Experiencing history is something like floating on an ocean. There are depths below you, all around, and every so often you can catch glimpses of what lies below. Back at home, familiar sights included a schoolhouse more than a century old, a ruined church more than a thousand years-a-crumbling and a stone circle dating back to the Neolithic period. Being surrounded by all of this as a child made me feel like I could reach out and touch the people who shared my homeland, no matter how separated in time we might be. The same feeling hits me on my holidays too, whether in the Colosseum in Rome, Tycho Brahe’s observatory in Copenhagen or a temple in Kyoto.

Greece has been on my top-ten list of places to visit for a long time. In fact, in the current political climate (which rules Egypt and Iran out) and in the absence of a long sabbatical from work (ruling out much of the southern hemisphere), it’s probably the most desired unvisited destination I have. Ten days won’t be near enough to see everything that I want to see (I’m focusing on the mainland rather than the islands) but they’ll be a packed ten days.

Why Greece? Look back to a childhood dominated by myths and legends for the main clue. To travel around Greece is to step back through time: from Ottoman rule to Byzantine domination, beyond that to the time of Imperial Rome and Macedonian kings, then to classical Athens and archaic Mycenae and Knossos. To return to the ocean metaphor, travelling through Greece is like floating above a wonderful mix of coral reefs and abysses.
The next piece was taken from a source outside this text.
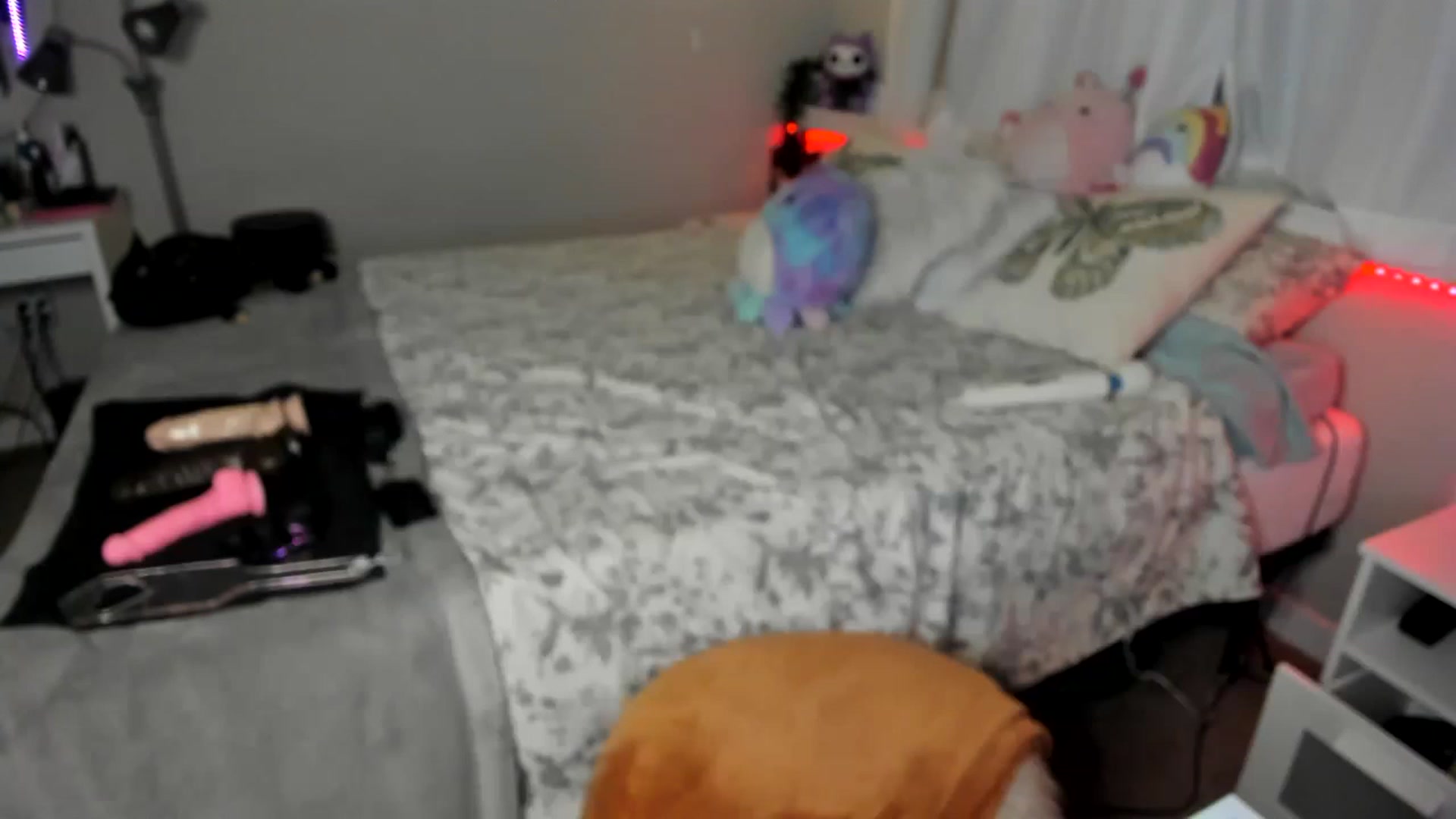Gallery image thumbnail from VenusianAngel's myfreecams stream on, 11/16/2022, 08:38 image 12 of 20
There’s always going to be something to see, layered everywhere you look. It’s a beautiful country too, full of wild mountains and deep valleys.

My basic plan is to start in the north, near Thessaloniki, and make my way south through the mainland, visiting Delphi, Athens and Mystra before hopping on a ferry to Crete, from where I’ll fly home again. Unlike my last long journey through Russia and beyond, there’s no need to exhaustively plan everything out, so I’m happy to wing it to an extent. That’s another benefit of travelling solo, I suppose: you can indulge your own whims without worrying about the impact they might have on your travelling partner. Of course, the drawback is not being able to share your enthusiasm and experiences, but that just provides a reason to repeat the journey again in the future.

All of which is to say that there should be, before too long, another travelogue appearing under the long-neglected “Travel” tab above. Between now and then, there will be reports from Greece whenever I get the chance to add them (not having planned out my accommodation to the last detail, I have no idea when and where I’m going to have Internet access—again, on the bright side, it’ll be nice to get away from LCD screens for a while).

In the last couple of days, I’ve realised all the things I’m going to be missing while I’m gone: a comics convention, Dublin’s Culture Night, the Ryder Cup and two weeks of rugby, West Brom and Doctor Who. For all that though, it’s been too long since I travelled. The excitement is just starting to kick in now, and it’s a nice, unfamiliar feeling. When I finally head to the airport, it’ll be in my preferred fashion, with a bag on my shoulder, a passport in my pocket and history in my future. I hope, in whatever I come to write about it, I manage to share some of that excitement with you.